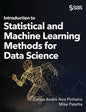 Introduction to Statistical and Machine Learning Methods for Data Science - Hardcover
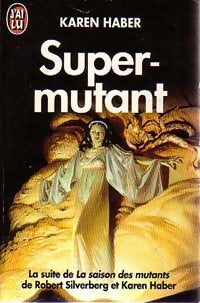 Livrenpoche : Super-mutant - Karen Haber - Livre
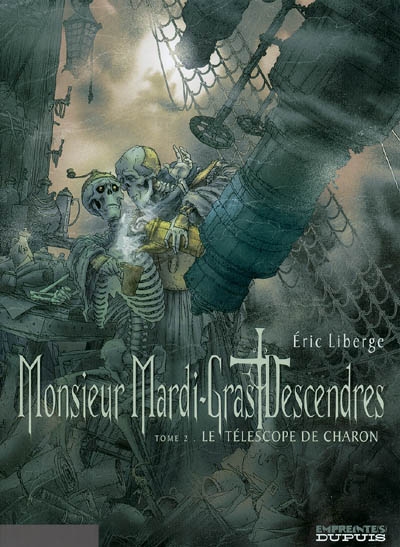 Monsieur Mardi-Gras Descendres. Vol. 2. Le télescope de Charon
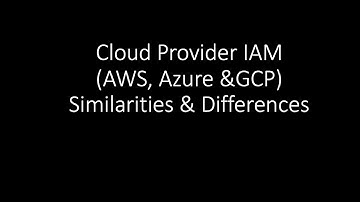 Cloud Provider IAM Similarities and Differences (AWS, Azure & GCP)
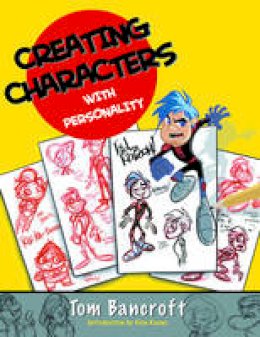 Tom Bancroft - Creating Characters with Personality - 9780823023493 - V9780823023493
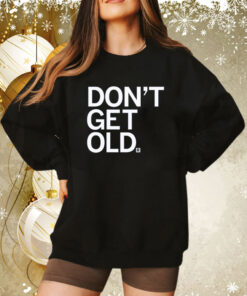 Don't Get Old Sweatshirt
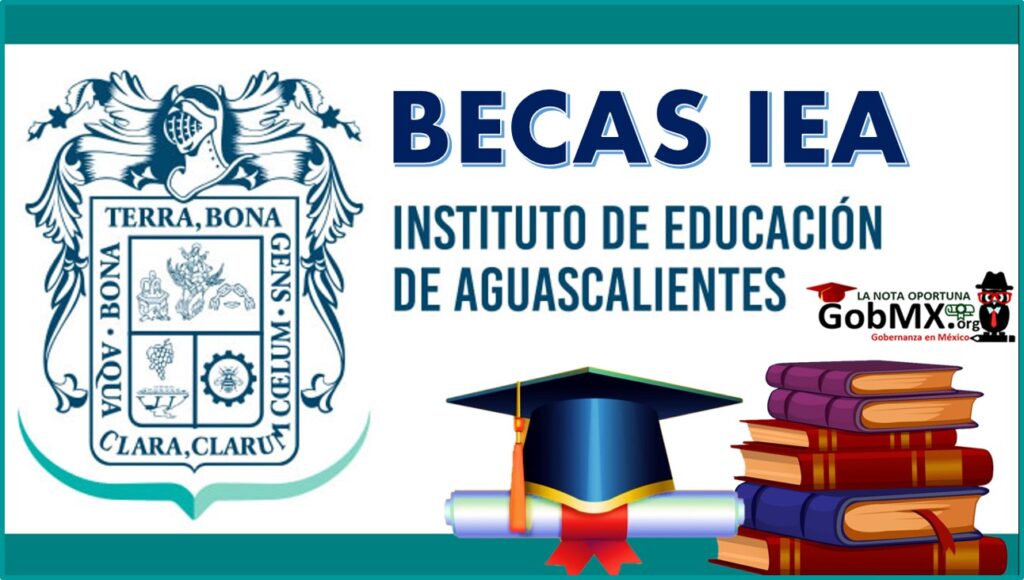 Becas Iea Gobmx Org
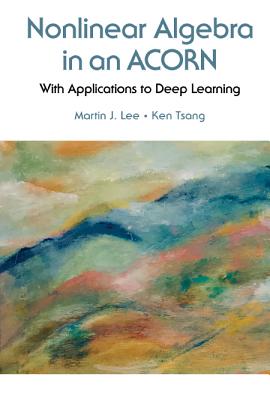 Book cover of Nonlinear Algebra in an Acorn by Lee Martin J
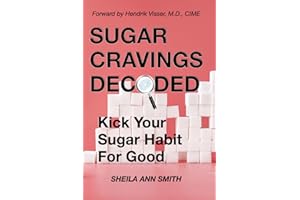 Sugar Cravings Decoded: Kick Your Sugar Habit For Good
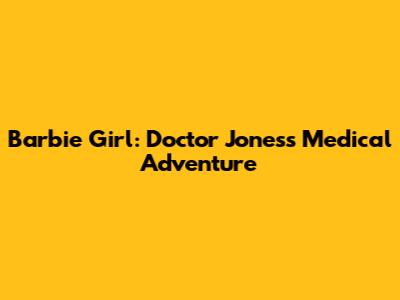 Barbie Girl: Doctor Jones's Medical Adventure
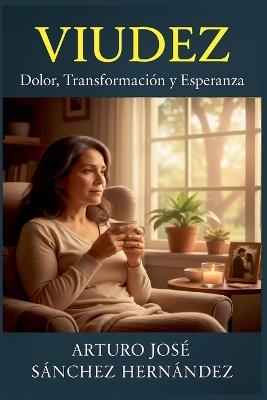 Viudez: Dolor, Transformación y Esperanza - Arturo José Sánchez Hernández - cover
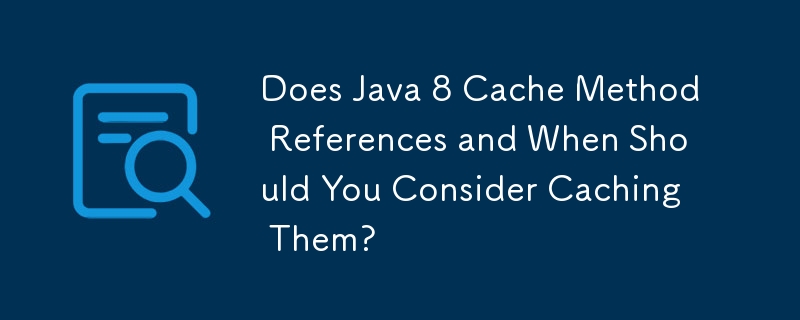 Java 8 是否快取方法引用以及何時應考慮快取它們？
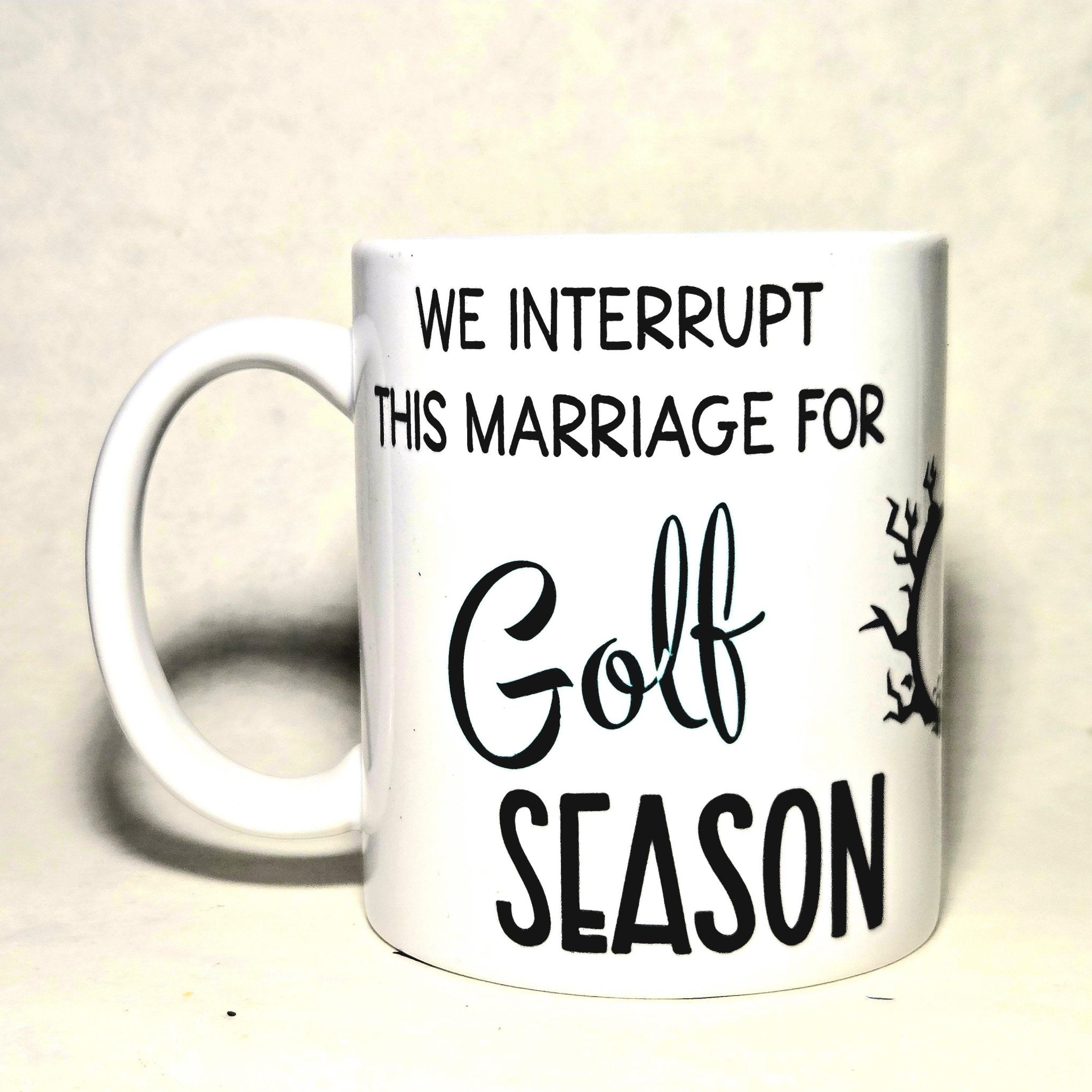 Golf Season Coffee Mug: "We Interrupt This Marriage" Ceramic Mug - Coffee Quips Custom Drinkware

:::::

Set down word for word each line from the one containing "Book cover of" through the end of the material, and keep the pictures out of it.

__ANSWER BOX__:
 Book cover of Nonlinear Algebra in an Acorn by Lee Martin J
 Sugar Cravings Decoded: Kick Your Sugar Habit For Good
 Barbie Girl: Doctor Jones's Medical Adventure
 Viudez: Dolor, Transformación y Esperanza - Arturo José Sánchez Hernández - cover
 Java 8 是否快取方法引用以及何時應考慮快取它們？
 Golf Season Coffee Mug: "We Interrupt This Marriage" Ceramic Mug - Coffee Quips Custom Drinkware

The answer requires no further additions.